Firstly, chronic stress increases the risk of cardiovascular problems. For example, the production of cholesterol increases. About 2/3 of cholesterol is made by the liver for energy and repairing damaged cells. The liver continues to produce cholesterol during prolonged stress. First, the fat balance is disrupted and the blood pressure increased, which can lead to arteriosclerosis and thrombosis, and thus an increased risk of a heart or cerebral infarction. The regulation of blood sugar and the immune system can also be disturbed. Too much stress also increases the risk of obesity and osteoporosis. However, that stress would increase the risk of cancer has never been proven in scientific research to date. With chronic stress, however, your immune system remains vulnerable and this makes you more sensitive to various diseases.
Why do we sleep less well during periods of stress?
Because your body produces hormones during stress that ensure that the heart starts pumping more blood through the body and that more energy (glucose) is available in the brain.
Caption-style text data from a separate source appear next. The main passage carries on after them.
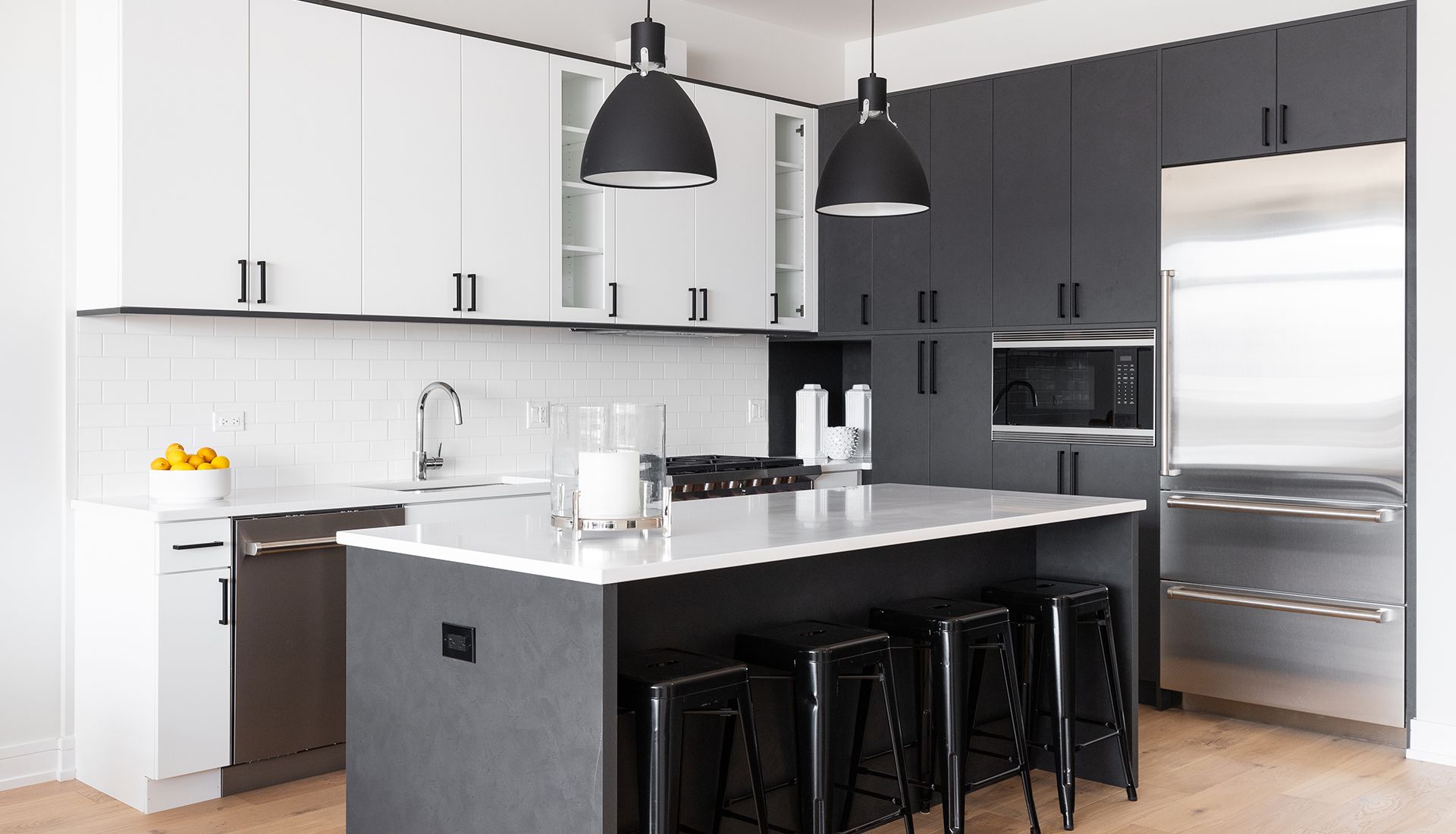 A kitchen with black cabinets and stools and a large island.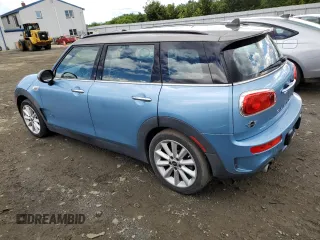 2017 MINI Clubman Cooper S z VIN WMWLU5C5XH2E83566, wystawiony jako Copart lot #57919305 z przebiegiem 89 983 mil mil oraz Tytuł czysty. Historia ofert i sprzedaży dostępna na DreamBid. Obrazek 2.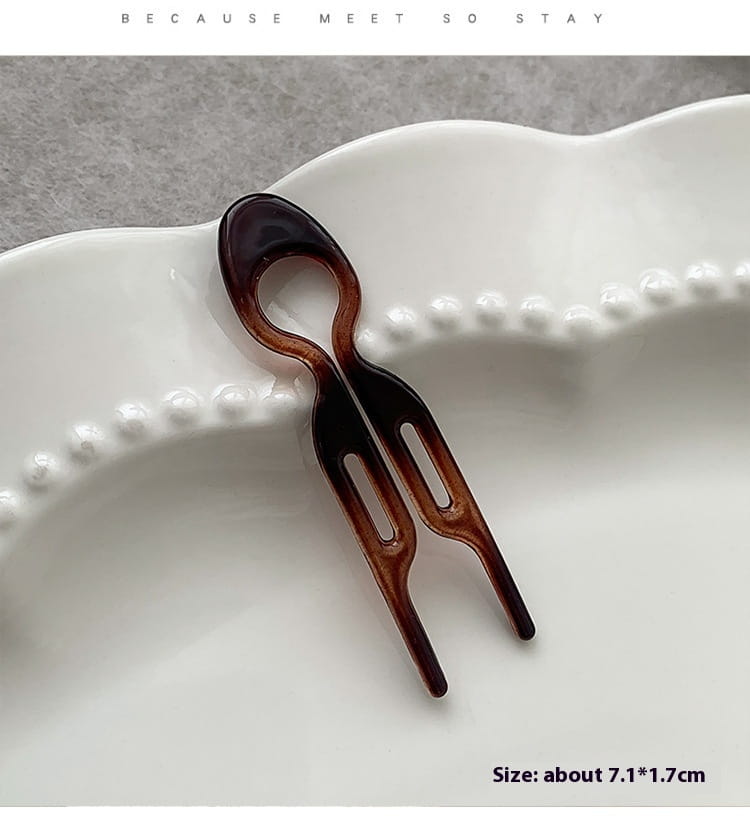 a sleek two-pronged tortoiseshell bun lazy updo gadget hair clip with a glossy finish and an elegant curved handle for easy head bun lazy styling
In other words, the body is preparing to fight or run! This could be running from a dangerous dog or meeting a tight deadline. One of the stress hormones, cortisol, should be low in the first half of the night in order to sleep. Too many make it difficult to fall asleep or wake up easily at night. Because chronic sleep deprivation in turn leads to more stress, you risk further ending up in a vicious circle.
What can you do against too much stress and tension? Appropriate interventions.
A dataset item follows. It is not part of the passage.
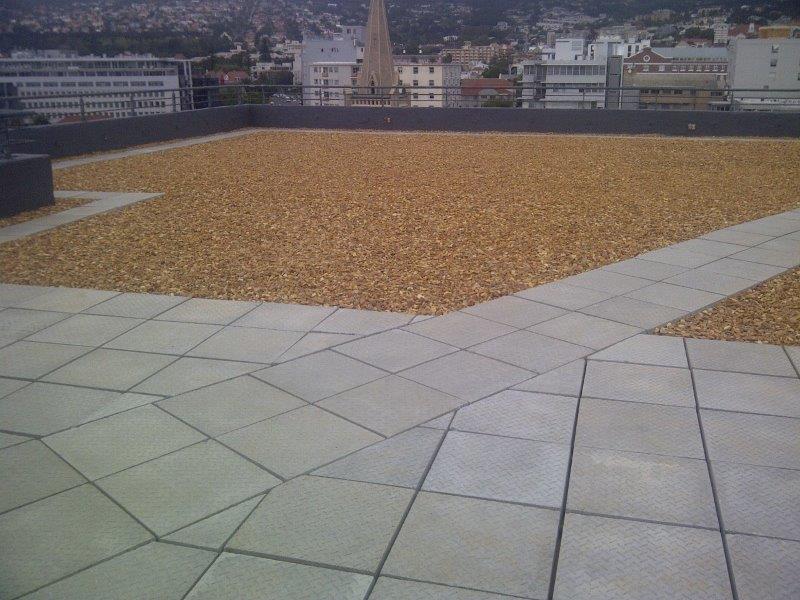 Roof
                  deck waterproofing with enhanced sidewall outlets.
                  Perimeter channel / loose lay paving on support rings
                  with ballast cover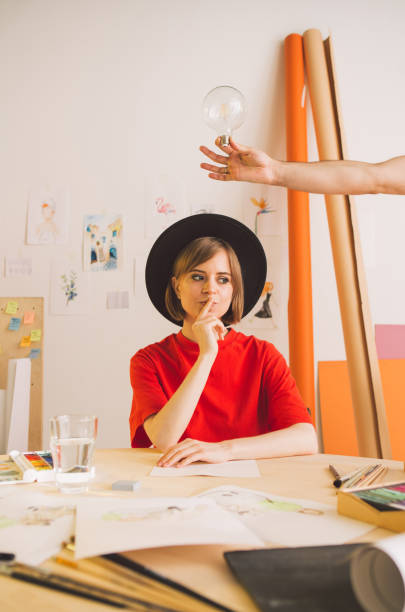 istock Young pretty girl artist in hat thinks and idea comes in studio. Insight is symbolized by a light bulb in hand 1257745525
- Live healthier, with more attention to sleep, exercise, relaxation and a healthy diet.
- Mindfulness training, breathing or relaxation techniques usually have a good effect.
- Psychological counseling and psychotherapy: The therapist will look with you at the factors that cause the stress to rise too much and what physical and emotional reactions this causes. You can also work with awareness: How do you feel the tension in your body? What thoughts are circulating? Do you have enough support from others? Or do you feel like you are constantly in the firing line. Do major events need to be processed? Do unfinished feelings from the past still affect you? Sometimes it helps to set your boundaries better. You may have to say “no” more often to your environment or avoid certain stimuli or situations or protect you better. The moment you become aware of what is happening in your system, you can exercise more control over yourself and the situation.
- In body-oriented therapy and bodywork, you can also work directly with your autonomic nervous system through touch and the release of chronic muscle tension. The therapist can practice this with you, for example through role plays, in visual work, in drama or with the aid of music, or through physical exercises in which you learn to sense your limits and indicate them appropriately. Through these practical exercises you can discover that you have choices in your behavior and that you can maintain your individuality in stressful situations, so that you can find more peace and balance.
- Traditional sleeping medications or sedatives can help overcome a difficult period, but are not a permanent solution.
- Keep in mind that it takes time and patience to tackle chronic stress: after all, it is not easy to change your lifestyle permanently and structurally. Your doctor is a good point of contact for initial advice and further help.